The researchers started by looking at the amount of money spent in different areas of health care, including hospitals, home heath services, prescription drugs and scientific research, based on 2007 records. Then they subjected these numbers to a model developed at the Carnegie Mellon University Green Design Institute called the Economic Input-Output Life Cycle Assessment (EIO-LCA). Because the most up-to-date EIO-LCA model is based on 1997 industry reports, the authors adjusted 2007 spending to 1997 U.S. dollars to account for inflation.

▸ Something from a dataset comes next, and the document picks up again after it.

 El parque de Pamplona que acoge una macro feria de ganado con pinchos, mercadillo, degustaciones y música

The EIO-LCA estimates environmental impacts, such as GHG emissions, pollutants and energy usage, associated with the money spent in a number of sectors in different industries. For GHG emissions, the model provides the approximate amount of metric tons of each gas released for every dollar spent in a given sector. To make estimates of emissions associated with a hospital, for example, the model considers all hospital-associated goods and services, such as electricity, waste removal and food services. The entire lifecycle of these goods and services, from their manufacturing and transportation to retail, is taken into account. In other sectors, the EIO-LCA can be used, for example, to gauge the methane emissions of a cattle farm, or the carbon emissions associated with investing a million dollars in the automobile industry.

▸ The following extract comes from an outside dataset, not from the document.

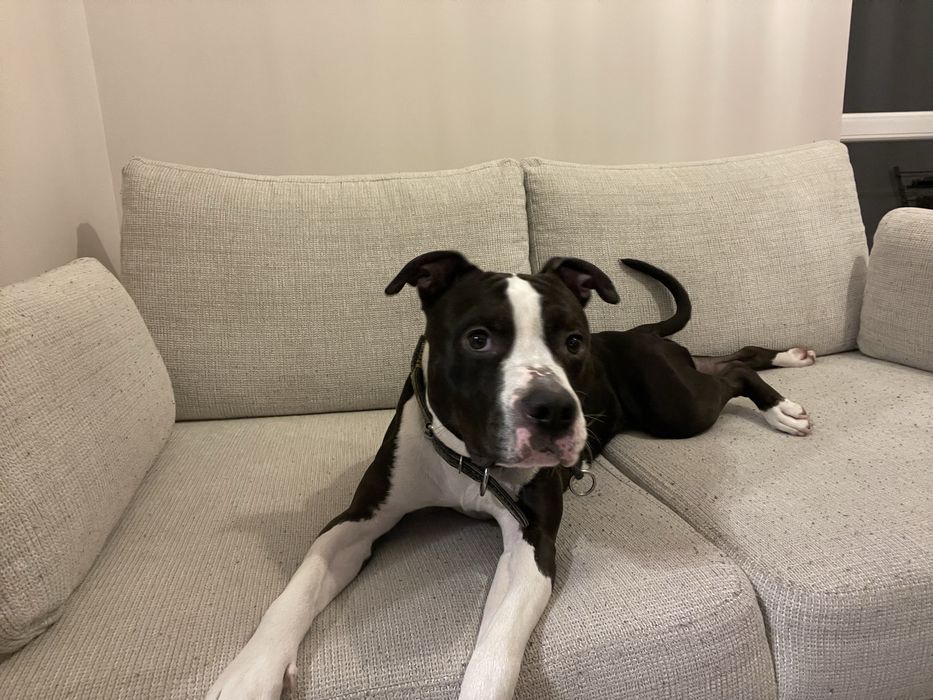 Oddam psa amstaff za darmo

The authors summed the estimated emissions of the four greenhouse gases for each health care sector to arrive at the finding that the industry is responsible for 8 percent of the nation’s emissions. Of those four gases, carbon dioxide accounted for the most emissions. The health care industry represented 7 percent of the nation’s total carbon released in 2007. The researchers note that a similar EIO-LCA analysis found that health care in the United Kingdom accounted for 3 percent of that nation’s carbon footprint in 2004. And for another comparison, the generation of electricity—and primarily fossil fuel combustion—creates about 40 percent of carbon emissions today in the United States, according to the U.S. Environmental Protection Agency. Health care made up less than 1 percent of the country’s methane and CFC emissions in 2007.
Far and away the most important GHG emitters within the health care sector were hospitals, which came in at 39 percent, followed by the prescription drug sector at 14 percent. The other runners-up were physician and dental services, nursing home care and health equipment, which contributed 13, 9 and 10 percent, respectively.
As the first study to estimate the GHG emissions from different sectors of U.S. health care, the authors wrote that their "results suggest that key points along the health care supply chain should be identified where environmental mitigation efforts may achieve greatest net health and environmental benefits."